Since the beginning, poison has been a murderous tool for emperors, pharaohs, and kings.
Around 1550 B.C., Egyptians scribbled numerous recipes for poison in hieroglyphics in the Ebers Papyrus, one of the earliest medical documents. It’s believed the first known Egyptian pharaoh, Menes, experimented with deadly toxins, as did the last, Cleopatra, who supposedly took her own life with a poison asp.

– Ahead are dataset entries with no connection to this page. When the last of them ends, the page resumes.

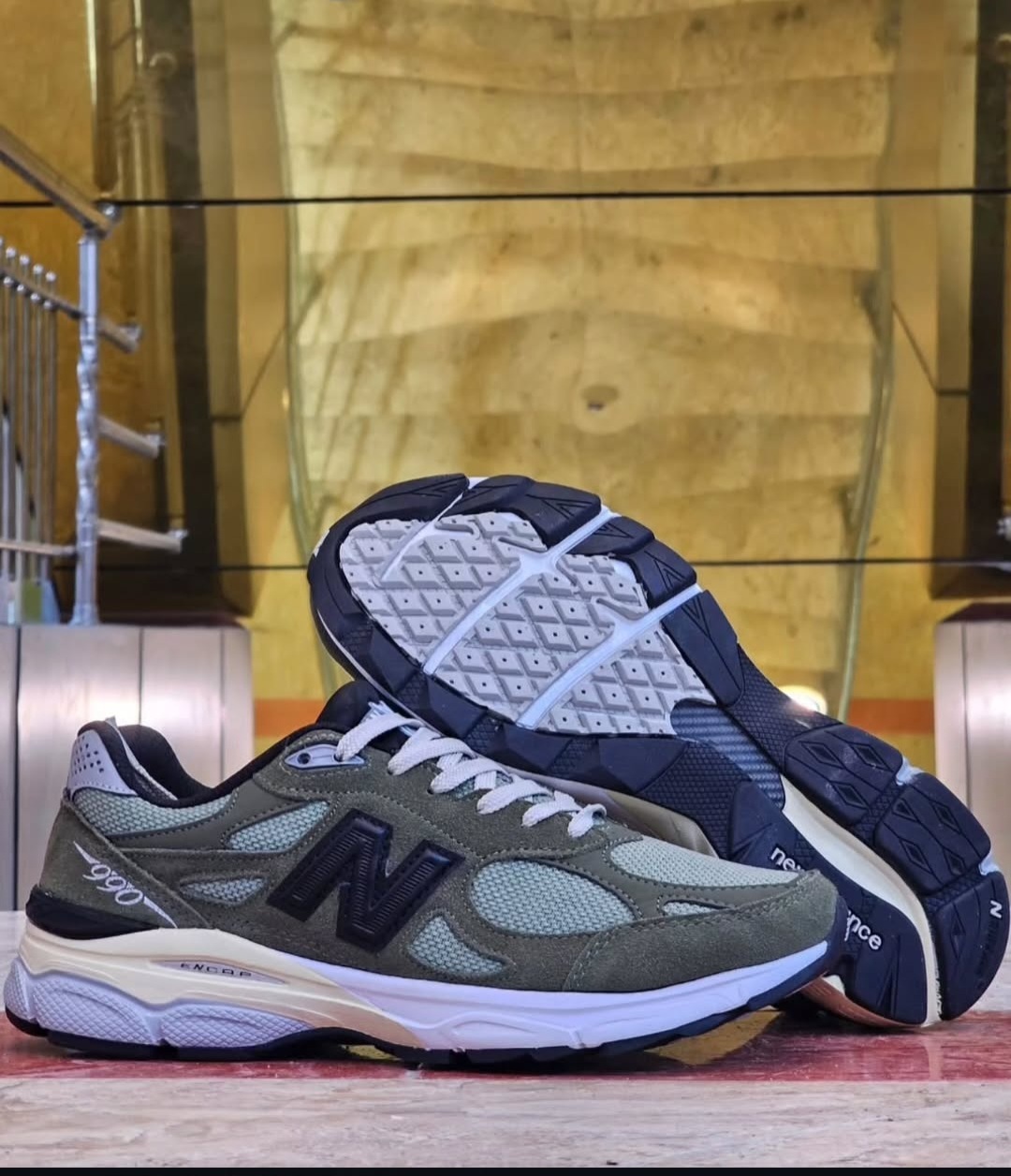کتونی خارجی نیوبالانس ۹۹۰/مستر کوالیتی A/سایز ۴۰ تا ۴۵/ Newbalance 990 v3/ساخت ویتنام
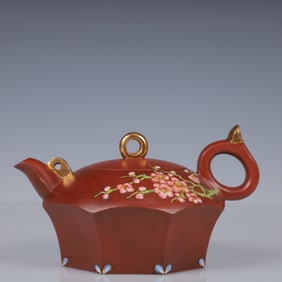 An Exquisite Purple Sands Flower and Bird Pattern Teapot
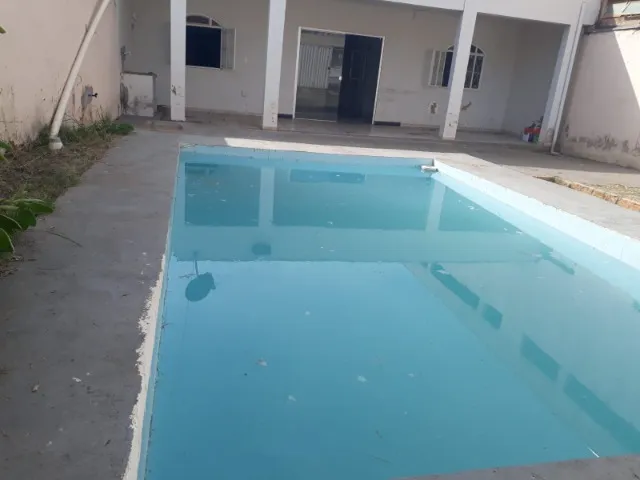 Aluga-se casa com piscina no Major Prátes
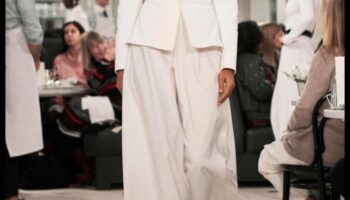 Urban Vogue Vibrance: aptveriet pilsētas modernās modes dinamisko pulsu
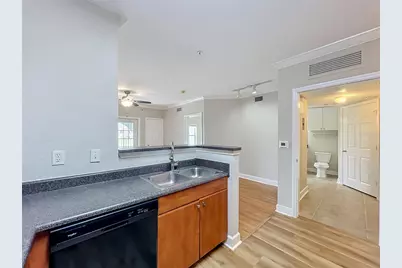 206 E South Street #5030, Orlando, FL 32801 - Photo 17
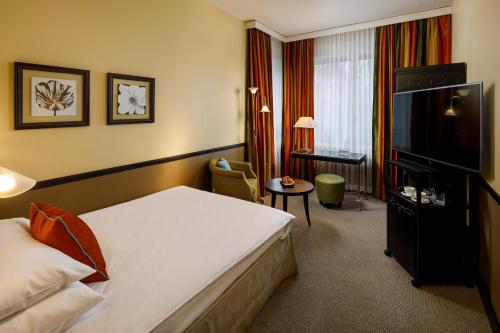 room detail thumbnail 1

Experimenting with poison killed the father of Chinese herbal medicine, Shen Nung—he sampled 365 herbs before dying of an overdose—as well as the first Chinese emperor, Qin Shi Huang. The ancient civilizations of India, Persia, and Greece used poison to assassinate rivals for political gain (Mughal rulers would “gift” their enemies with poison-lined robes), to execute criminals (Socrates was sentenced to drink poison Hemlock), and even to offer the sick and elderly the gift of a quick death.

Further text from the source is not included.